Pour créer le revêtement de silice par voie tribochimique, les particules d’oxyde d’aluminium modifiées à la silice sont propulsées par une pression d’air suffisante pour les enfouir dans les surfaces de céramique15. Dans les deux cas présentés ici, ce traitement a été suivi d’une silanisation16. La rugosification de la surface de céramique par abrasion à l’air, avant le scellement, accroît la résistance d’adhésion, laquelle augmente encore davantage lorsque l’application de silice est suivie d’une silanisation16-19. La résistance d’adhésion des liaisons entre la résine-ciment et la céramique enduite de silice est beaucoup plus élevée que celle obtenue par l’application d’acide fluorhydrique et d’oxyde d’aluminium pour préparer la surface7. La rétention micromécanique produite par l’abrasion et la liaison chimique avec silanisation de la surface de porcelaine silicatée ont donc renforcé la rétention mécanique offerte par la tige métallique de rétention de la dent artificielle.

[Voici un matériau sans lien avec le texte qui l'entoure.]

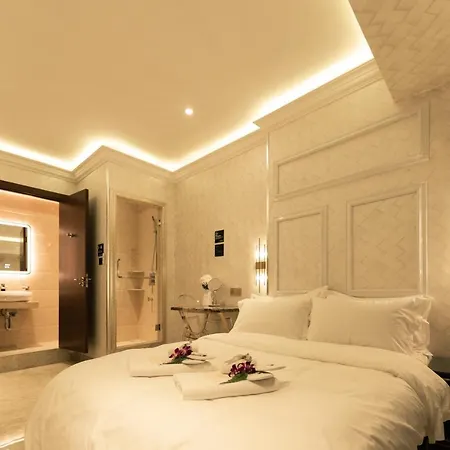 Aj Residence - Above Peppermint Asia City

Un rapport décrit l’utilisation de fibre de verre pour réparer une fracture dans une prothèse partielle fixe postérieure à 4 unités en zircone, en notant que le traitement était toujours efficace après 12 mois 20. Dans ce dernier cas, la rétention mécanique a été favorisée par la préparation de cavités, et la rétention chimique a été obtenue grâce à l’application d’un revêtement en silice par voie tribochimique suivie d’une silanisation. Dans un autre cas, une incisive centrale manquante a été remplacée par une prothèse partielle fixe en résine composite renforcée de fibres de polyéthylène avec pontique en céramique4 fabriqué avec la céramique IPS Empress II (Ivoclar Vivadent); les auteurs n’ont signalé aucun problème fonctionnel ou esthétique durant la période de suivi de 27 mois.
Dans nos deux cas, nous avons opté pour l’utilisation d’une dent artificielle (dent de prothèse) en porcelaine, plutôt que d’un pontique de céramique, car la première option offrait une solution plus pratique et moins coûteuse. Aucune empreinte n’a été nécessaire et le traitement a pu être complété en une seule séance. L’un des inconvénients de cette technique tient à la difficulté de trouver une dent artificielle qui soit de la bonne teinte et qui ait les bonnes dimensions.
Grâce à l’évolution des matériaux adhésifs et des techniques d’adhésion, nous disposons aujourd’hui de plus d’options pour le remplacement de dents manquantes. Cet article décrit la restauration avec succès d’espaces édentés, à l’aide de dents artificielles en porcelaine et de fibres de verre. Des études cliniques à plus long terme seront toutefois nécessaires pour obtenir plus d’information sur la survie des prothèses fixes antérieures et postérieures en CRF collées directement, les données actuelles portant sur le taux de survie après un suivi de cinq ans. Si le clinicien peut trouver une dent artificielle qui s’harmonise à la teinte et à la forme des dents existantes, alors la restauration d’un espace édenté avec de la porcelaine et des fibres de verre scellées par voie adhésive peut offrir une solution de rechange viable, lorsque le patient souhaite un traitement conservateur et rapide. Cependant, compte tenu des données limitées sur la survie de ces restaurations, nous recommandons que les dentistes les considèrent comme des solutions provisoires.